Will they or won’t they? The long-running, on again/off again relationship saga is a device familiar from far too many long-running television series to list here. I’m currently more interested in what the government’s response to the Morecambe Bay investigation, announced last month, had to say about Monitor and the NHS Trust Development Authority (TDA) coming together as NHS Improvement.

In June it was announced the two arm’s length bodies will come together, under the leadership of a single Chief Executive, to focus on provider support. All parties have steered clear of describing the move as a merger, but it appears to be so in all but name.

Either way, closer alignment makes sense. Each organisation oversees a large part of the NHS provider sector: the TDA takes care of NHS trusts, while Monitor does likewise for foundation trusts.

Until recently, the case against NHS Improvement was that most foundation trusts – with a few unhappy exceptions – had been successfully entrusted with freedom from central control, while a number of NHS trusts needed more hands on support. These were distinct roles, requiring different approaches and different people with particular backgrounds and skills.

Despite all the legal differences between foundation trusts and NHS trusts, neither tribe of provider trust has proved entirely immune from the challenges of quality and money. Of the 13 providers currently in special measures, for example, foundation trusts outnumber NHS trusts by eight to five. That’s roughly in proportion to the numbers of each type of trust, but hardly a ringing endorsement for FT policy. Balancing the books is already difficult for foundation trusts and NHS trusts alike, and looks likely to become increasingly tough going forward.

Monitor and TDA are increasingly working in more similar ways to help providers confront these and other issues: so why not bite the bullet with a full-on merger?

Professional regulation goes back centuries but, as documented by our Policy Navigator website, the short history of organisational regulation has been arguably much more turbulent. The 2009 merger of the Healthcare Commission, Commission for Social Care Inspection and the Mental Health Act Commission to create the Care Quality Commission (CQC) highlights the potential difficulties.

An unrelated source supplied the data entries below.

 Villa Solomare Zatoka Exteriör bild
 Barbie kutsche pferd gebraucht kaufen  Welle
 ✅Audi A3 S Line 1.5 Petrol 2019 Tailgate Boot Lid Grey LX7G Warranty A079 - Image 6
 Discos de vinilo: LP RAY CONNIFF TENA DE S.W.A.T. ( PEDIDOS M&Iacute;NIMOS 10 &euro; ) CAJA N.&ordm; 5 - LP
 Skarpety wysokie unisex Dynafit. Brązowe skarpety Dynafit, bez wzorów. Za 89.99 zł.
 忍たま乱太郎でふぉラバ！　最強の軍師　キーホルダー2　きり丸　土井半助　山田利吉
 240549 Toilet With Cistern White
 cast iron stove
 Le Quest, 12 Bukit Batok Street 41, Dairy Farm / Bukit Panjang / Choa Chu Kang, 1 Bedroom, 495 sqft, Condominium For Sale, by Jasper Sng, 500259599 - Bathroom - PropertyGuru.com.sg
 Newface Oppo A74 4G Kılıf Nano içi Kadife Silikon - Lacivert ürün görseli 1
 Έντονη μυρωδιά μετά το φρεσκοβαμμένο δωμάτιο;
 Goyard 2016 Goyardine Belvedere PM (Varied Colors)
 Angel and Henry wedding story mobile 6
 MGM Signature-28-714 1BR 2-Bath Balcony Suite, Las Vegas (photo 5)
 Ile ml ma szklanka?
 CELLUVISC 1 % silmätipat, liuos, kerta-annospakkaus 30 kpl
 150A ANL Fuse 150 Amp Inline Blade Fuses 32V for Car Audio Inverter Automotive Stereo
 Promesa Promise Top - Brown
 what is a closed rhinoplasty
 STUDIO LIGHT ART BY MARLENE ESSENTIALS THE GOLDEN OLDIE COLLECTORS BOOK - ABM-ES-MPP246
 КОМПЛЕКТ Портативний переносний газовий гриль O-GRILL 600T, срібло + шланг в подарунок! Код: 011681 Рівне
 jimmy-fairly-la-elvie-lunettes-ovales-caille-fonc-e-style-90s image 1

The ‘many challenges’, pressures’ and ‘short timescales’ involved in merging three regulators performing ostensibly similar functions (albeit for different sets of provider organisations) are clearly set out in Sir Robert Francis’ second inquiry into Stafford Hospital.

Intriguingly, documents disclosed by the Francis Inquiry revealed that Ministers considered having the existing regulators – the three regulators that became CQC, plus Monitor – work together to develop a unified regulatory model to be inherited by the new regulator after the merger. In other words, form would follow function not the other way around. The option wasn’t pursued: officials suggested the existing regulators – particularly Healthcare Commission and Monitor – may not cooperate effectively. That assessment was echoed, years later, by the findings of the Francis Inquiry.

The Institute for Government’s work on merging and demerging government departments (known in the trade, rather wonderfully, as ‘machinery of government’ changes) suggests the difficulties experienced during the CQC merger were not unusual. Monitor and the TDA are not government departments, of course, but there’s a clear read across. 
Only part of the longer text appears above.